VOLUME I
16. CHAPTER XVI
(continued)
"Here have I," said she, "actually talked poor Harriet into being
very much attached to this man. She might never have thought of him
but for me; and certainly never would have thought of him with hope,
if I had not assured her of his attachment, for she is as modest
and humble as I used to think him. Oh! that I had been satisfied with
persuading her not to accept young Martin. There I was quite right.

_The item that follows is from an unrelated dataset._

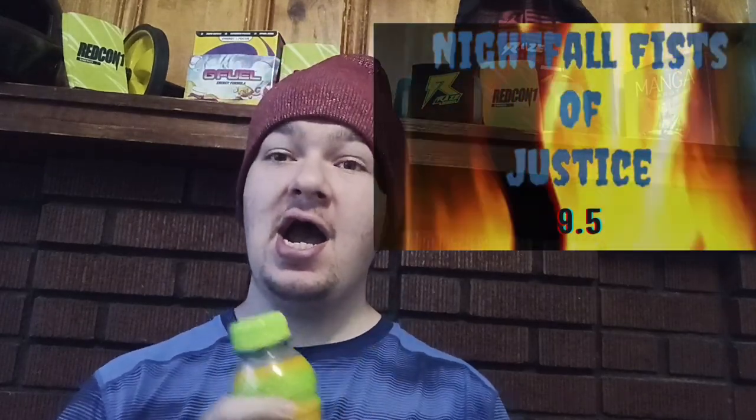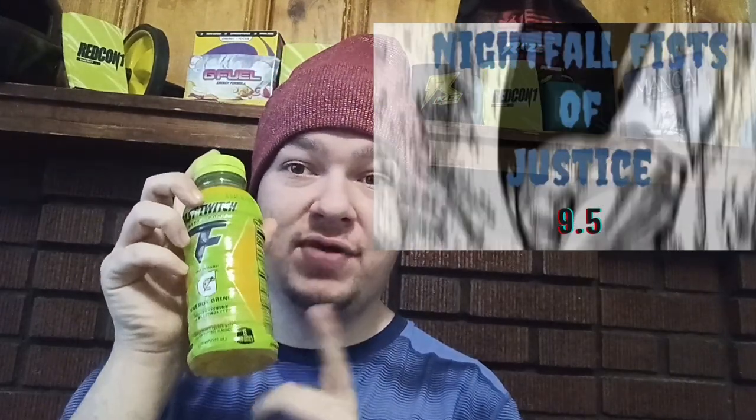Mmm, damn, that's good. I think that this tropical mango flavor is a lot better than almost every mango flavor drink I've had yet. I think this is pretty good — I'm going to give it a 9.5. I think it's really good. If you guys like mango, this is the drink for you.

That was well done of me; but there I should have stopped, and left
the rest to time and chance. I was introducing her into good company,
and giving her the opportunity of pleasing some one worth having;
I ought not to have attempted more. But now, poor girl, her peace
is cut up for some time. I have been but half a friend to her;
and if she were not to feel this disappointment so very much, I am
sure I have not an idea of any body else who would be at all desirable
for her;--William Coxe--Oh! no, I could not endure William Coxe--
a pert young lawyer."
She stopt to blush and laugh at her own relapse, and then resumed
a more serious, more dispiriting cogitation upon what had been,
and might be, and must be. The distressing explanation she had
to make to Harriet, and all that poor Harriet would be suffering,
with the awkwardness of future meetings, the difficulties of
continuing or discontinuing the acquaintance, of subduing feelings,
concealing resentment, and avoiding eclat, were enough to occupy
her in most unmirthful reflections some time longer, and she went
to bed at last with nothing settled but the conviction of her having
blundered most dreadfully.
To youth and natural cheerfulness like Emma's, though under
temporary gloom at night, the return of day will hardly fail
to bring return of spirits. The youth and cheerfulness of morning
are in happy analogy, and of powerful operation; and if the
distress be not poignant enough to keep the eyes unclosed, they
will be sure to open to sensations of softened pain and brighter hope.
Emma got up on the morrow more disposed for comfort than she had
gone to bed, more ready to see alleviations of the evil before her,
and to depend on getting tolerably out of it.